So yes, he sees room for improvement. Especially after the last few months, where not much went according to plan. “It’s been kind of a rough transition from indoors,” he admitted. His first meet of the year was the Millrose Games, where he won with a big toss of 73-3¼ (22.33) over former world champion Joe Kovacs. “I was really happy with that and was just training pretty much through it. And then I got sick before USAs but was already committed to doing it. I went and threw 22.22 [72-10¾], which for me I was extremely happy with, being as I had a high fever and had lost a little bit of weight and was just feeling overall pretty, pretty terrible.” The travel and the competition, though, set back his recovery, he explained. “I kinda got sick again.
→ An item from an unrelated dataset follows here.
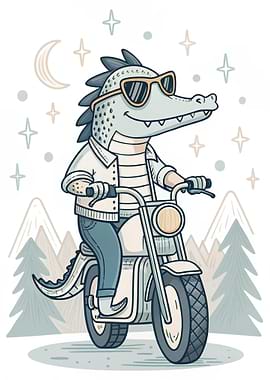 Cool Crocodile on Motorcycle Illustration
It made it worse. And so I was out for 10 days after that.”

Wait—there’s more: “Coming back from that, I had a small pec tear on my throwing shoulder and had to take 3 weeks off throwing and essentially 4 weeks off in the weightroom of any pressings. So it was a really rough 6 weeks there. Just now was I able to come back to training pretty quickly, but it was all very, very light, very, very, easy. I did 3 weeks of putting a cone at 12m [c40ft] and just getting confidence in it again.”
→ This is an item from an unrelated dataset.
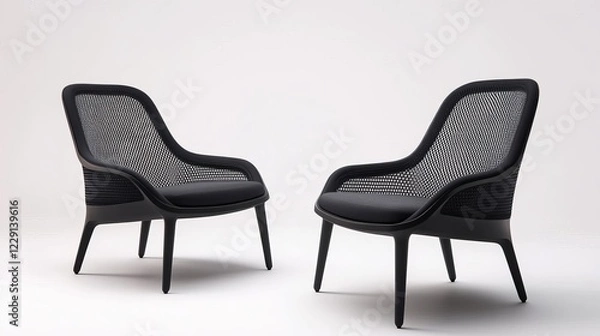 Fototapeta Sleek black lounge chairs with seamless mesh backs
It’s all coming around, he added. “The number of hard practices I’ve had hasn’t been a ton, but it’s been good. I’ve used it to be a little more rested. I know I have a tendency to push my limits and be closer to being overtrained than undertrained. A lot of athletes do that because you want to train to be the best and so you naturally think, ‘If I’m going to push it harder, I’m going to be better,’ which isn’t always the case. You still have to take the time to recover. So the injury and the sickness was good in the sense that it made me back off a little bit.”
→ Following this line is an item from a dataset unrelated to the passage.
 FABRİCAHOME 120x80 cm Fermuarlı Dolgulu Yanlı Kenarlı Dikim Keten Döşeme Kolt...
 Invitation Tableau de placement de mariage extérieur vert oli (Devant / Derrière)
Notably absent in Crouser’s demeanor is any sense of jubilant celebration over the best throws of his life. Perhaps because he’s confident there’s more coming, and this is just one stop along the way: “I am really happy with how this weekend went—mostly just walking away from a hard throwing session and being 100% healthy afterwards.” (continues)

He clarified that his training limitations in the past few months did not resemble any sort of training taper and would not lead to an early peak, saying, “I definitely was a bit more rested than I would plan to be for an opener, but I was still under a load and training heavily during the week. I wasn’t backed off so much the day of. Hopefully as I come to a peak, things will be rested but also sharper technically and I will be executing a little bit better, just by having more reps under my belt in terms of throwing at high intensities. This definitely showed the baseline power is there and the baseline strength is coming along.

“And then my biggest thing this year is just trying to stay healthy and hopefully upping my body weight a little bit. I’d like to gain 10 pounds [c4.5 kilos] between now and July.” Right now, the 26-year-old Oregon native, who stands 6-7 (2.01) is hitting about 313 [142kg] on the scales, which is where he was in ’17. But he said, “Body composition-wise, I’m in better shape than I was at the time. I want to gain weight, but I want to make sure that it’s the right kind of weight. You see a lot of really big shot putters. I’ve tried to be more of an athletic thrower. The extra weight doesn’t necessarily help me if it’s not at least some muscle when I’m gaining it.”

With Drake coming up—on the way to the Doha DL—the Texas alum is confident he is on track at this point in what will be a long season that ideally will loop him back to Qatar for the World Champs final on the evening of October 5. “This is ahead of where I thought I might be,” he said. “I’ve had some pretty good indicators in training, but I haven’t really ramped it up in terms of high-intensity throws.” He adds in a classic understatement: “I feel like I executed really well for a season opener.”